Version: 8.5.3 (latest)

Red Hat ACM Observability

Veeam Kasten can be integrated with Red Hat Advanced Cluster Management (ACM) Observability Service to provide centralized monitoring across your Red Hat OpenShift fleet. This integration leverages Prometheus remote_write to push metrics from the K10 cluster to the ACM Hub.

Prerequisites

Red Hat ACM installed on the Hub cluster.
MultiClusterObservability enabled and configured on the ACM Hub.
- For detailed instructions, refer to the Red Hat ACM Observability documentation.
Veeam Kasten installed (or ready to be installed) on the Managed Cluster.

Step 1: Configure ACM Observability

Ensure that the ACM Observability service is running and gather the necessary connection details.

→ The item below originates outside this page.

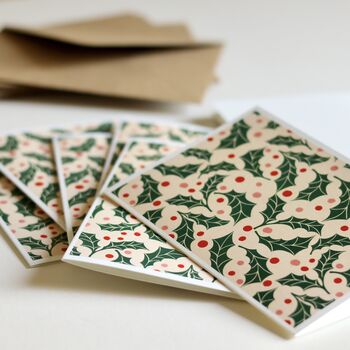 Jolly Holly Linocut Notecards Set Of Eight, 4 of 6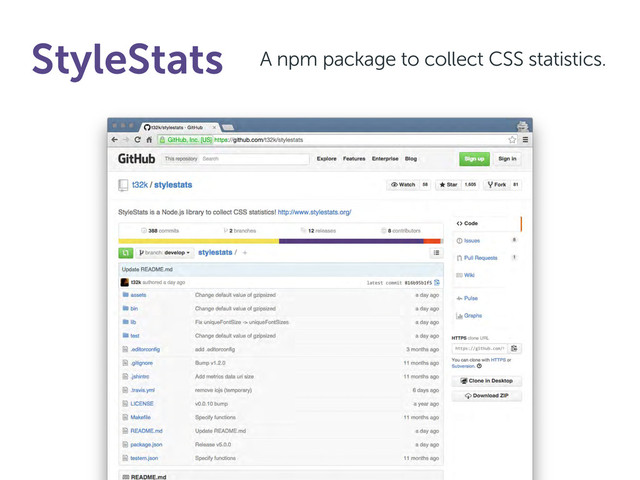 StyleStats A npm package to collect CSS statistics.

You can verify service availability and retrieve configurations details either through the Red Hat ACM UI or via the CLI as described below.

Retrieve Configuration via Web Console

Verify Installation:
- Log in to your OpenShift Console on the Hub Cluster.
- Ensure you are in the local-cluster view.
- Click Search in the left navigation menu.
- In the Resources dropdown, type and select MultiClusterObservability.
- Click on the observability resource instance.
- Ensure the status is Ready.
Find the Tenant ID:
- Navigate to Infrastructure > Clusters.
- Select the local-cluster (the Hub cluster).
- On the Overview tab, locate the Cluster ID. This is your Tenant ID.
Find the Thanos Receive Endpoint:
- Ensure you are in the local-cluster view.
- Navigate to Networking > Routes.
- Select the project open-cluster-management-observability.
- Locate the observatorium-api route.
- The Location column contains the base URL. Append /api/v1/receive to this URL to form the complete endpoint.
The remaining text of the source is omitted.